In today’s digital world, data is being generated at an unprecedented rate, especially in the realm of real-time streaming. From financial transactions and social media feeds to IoT devices and system logs, businesses rely on the continuous flow of data to drive decision-making, enhance user experiences, and improve operational efficiency. However, handling large-scale, high-velocity data streams requires a robust and scalable solution.
Enter Apache Kafka—an open-source event streaming platform designed to process and manage real-time data efficiently. In this guide, we’ll explore what Kafka is, how it works, and why it has become the go-to solution for real-time data streaming across industries. We’ll first start by understanding the main components of Kafka and how each work together to ensure scalability, durability, maintainability, and fault tolerance.
Kafka’s Core Architecture
The overall architecture of Apache Kafka revolves around a few key components. Producers, the data sources, push message streams to Kafka brokers—servers that act as intermediaries between producers and consumers. These messages are organized into topics, unique identifiers for data streams, which can be split into partitions to distribute large data volumes across multiple machines in a cluster. A Kafka cluster, a group of brokers working together, can range from a single-broker setup to a multi-broker configuration for enhanced scalability.

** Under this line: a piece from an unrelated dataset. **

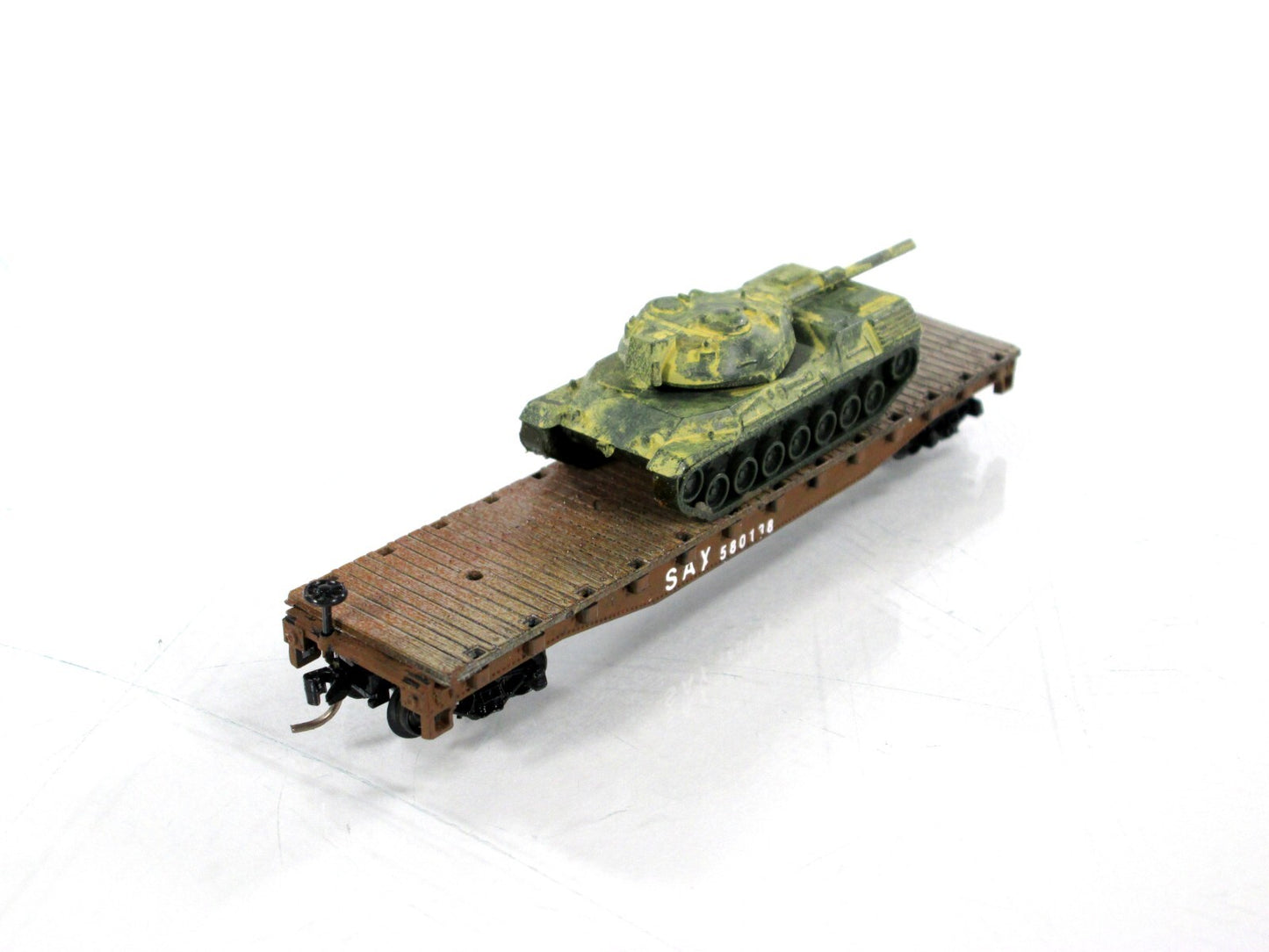N Scale 50' Flat Car w/ Military Tank Load -- Atlas, MTL Couplers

Each message in a partition is tagged with an offset, a sequential number unique to that partition, allowing consumers to track and process data in order. Consumers, often grouped into consumer groups to share workloads, subscribe to topics and pull messages from brokers, with offsets ensuring no message is processed twice within the same group. Coordinating this distributed system is Zookeeper, which tracks cluster nodes, topics, partitions, and offsets, ensuring seamless operation.
The Role of the Broker
The broker—In Kafka, a broker is basically a running server. It’s an intermediary between two applications that depend on each other, receiving data from producers and delivering it to consumers with the right permissions. This architecture makes Kafka highly scalable, durable, and fault-tolerant, capable of handling real-time demands across industries.

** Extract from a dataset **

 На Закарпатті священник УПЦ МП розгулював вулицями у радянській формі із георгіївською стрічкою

Running Kafka in Your Environment
To get started with Apache Kafka, Zookeeper is recommended for optimal compatibility. Kafka isn’t natively designed for Windows, so using WSL2 (Windows 10 or later) or Docker is advised.

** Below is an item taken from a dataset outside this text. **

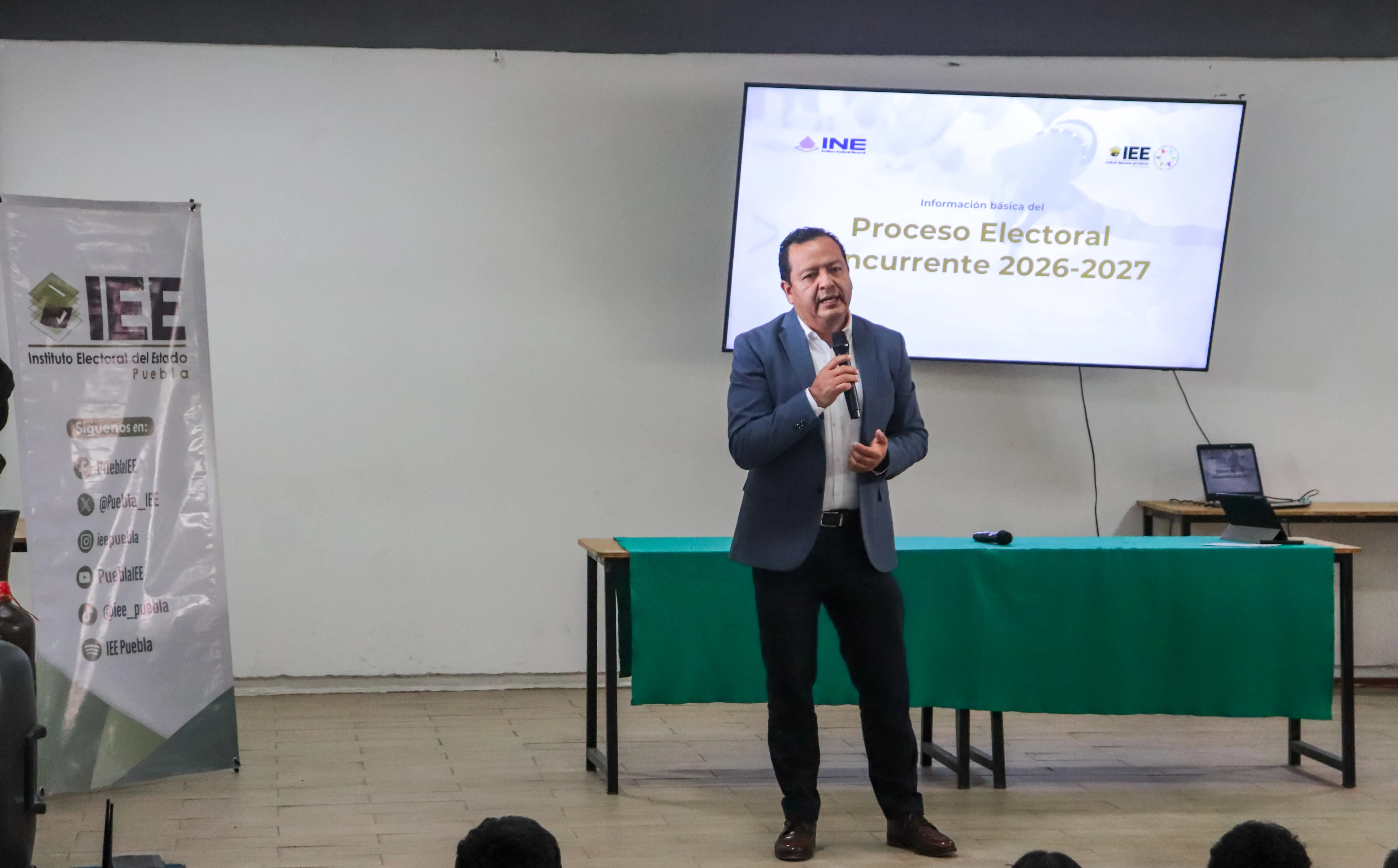 1. Programa “El primer paso a la ciudadanía” en el COBAEP Plantel 8 de Tehuacán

Here’s how to set it up on Windows with WSL2:
Step 1: Install WSL2
WSL2 (Windows Subsystem for Linux 2) provides a Linux environment on Windows without a VM. Ensure you’re on Windows 10 version 2004 or higher (check with winver
). Run this command in an admin PowerShell or Command Prompt, then restart:
wsl --install
Follow prompts to set up a Linux distribution (e.g., Ubuntu) and create a user account. Refer to Microsoft Docs if needed.
Step 2: Install Java
Kafka requires Java 11 or 17.
You can find out the available java in your console by running this command.
java --install
You can download either of the versions by running this command
sudo apt install openjdk-17-jre-headless #for java 17
if it’s not already on your system.
Step 3: Install Apache Kafka
Download the latest stable version (e.g., 3.7.0 as of February 27, 2024) from the Kafka downloads page.
Run this command to download kafka 3.7.0
wget download_url_from_kafka
then run this command to unzip the zipped file
tar -xzf downloaded_zipped_file
Step 4: Start Zookeeper
Zookeeper, bundled with Kafka, manages the cluster. From the Kafka root directory in a command prompt, run:
bin\zookeeper-server-start.sh config\zookeeper.properties
Step 5: Start the Kafka Server
In a new command prompt from the Kafka root, launch the server:
bin\kafka-server-start.sh config\server.properties
Step 6: Create a Topic
Create a topic named “MyFirstTopic” with this command in a new prompt:
bin\kafka-topics.sh --create --topic MyFirstTopic --bootstrap-server localhost:9092
Confirm with “Created topic MyFirstTopic.”
Step 7: Start a Producer
Launch a producer to send messages to the topic:
bin/kafka-console-producer.sh --topic MyFirstTopic --bootstrap-server localhost:9092
Step 8: Start a Consumer
In another prompt, start a consumer to read messages in real-time:
bin/kafka-console-consumer.sh --topic MyFirstTopic --from-beginning --bootstrap-server localhost:9092
Now, messages typed in the producer will appear in the consumer instantly, demonstrating Kafka’s real-time streaming in action.